“Solid action, hampered by limited acting and particularly poor storyline.”
It’s nice to see Hong Kong making a decent action heroine film: that’s really where the genre started off, and it’s been responsible for some of the best entries in the field. That said, this doesn’t quite deserve to be placed on the same level, but star Jiang Lui Xia certainly has her potential – my immediate thought is to put her in the same film as Jeeja Yanin, and we might really have something. [Sidenote: Jiang got her big break as the result of a couple of unusual ways. Viral videos she posted on the Internet, which in turn got her a slot on a reality show called The Disciple in Hong Kong, produced by Jackie Chan. The winner – not her – got to star in a feature.] Much like her Thai colleague, Jiang is clearly a martial artist first, and actress…well, probably fifth or sixth, despite her resemblance to Shin Eun Kyung from My Wife is Gangster. She seems to have three expressions, used in strict rotation, and the plot is frankly implausible nonsense too.
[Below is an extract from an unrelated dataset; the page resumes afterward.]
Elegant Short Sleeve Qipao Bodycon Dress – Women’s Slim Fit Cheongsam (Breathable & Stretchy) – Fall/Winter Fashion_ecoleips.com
She plays Yi-Yi, the bodyguard of a gangster’s wife; when her charge is kidnapped, Yi-yi starts getting phone messages leading her to various locations. Hoping to redeem herself by rescuing the wife, she follows along, only to discover she is walking into trouble. Turns out the battles which result are being streamed over the web, with bettors wagering on the results. As Yi-Yi’s reputation rises, the sites become more and more popular, and profitable; can she fight her way through, to discover the truth about what’s going on? Yeah, “total bollocks” would be putting it kindly. It is not much more than a flimsy excuse to move the heroine from level to level, until a final confrontation with tae kwon do fighter Kosugi.
Fortunately, the fights are entirely acceptable, with a range of spectacular, if somewhat contrived confrontations – such as the one in a disco, outfitted with a pit containing a shallow pool of water (maybe it’s a standard accessory for Hong Kong discos?). The best is perhaps a kitchen brawl against German Wanja Götz, where just about everything bar the sink comes into play; there’s also one on a set of bamboo scaffolding, which appears to be the current venue of choice in the same way that car parks or Chinese restaurants were in their time. They were nicely put together, and sufficient to keep us watching, despite subtitles on our copy which were a) ten seconds behind the dialogue, and b) in Lolcat font. That we were willing to struggle past this says a lot about the fights, though even they could do nothing to help a particularly lame plot. Still, we’ll be interested to see where Jiang goes from here.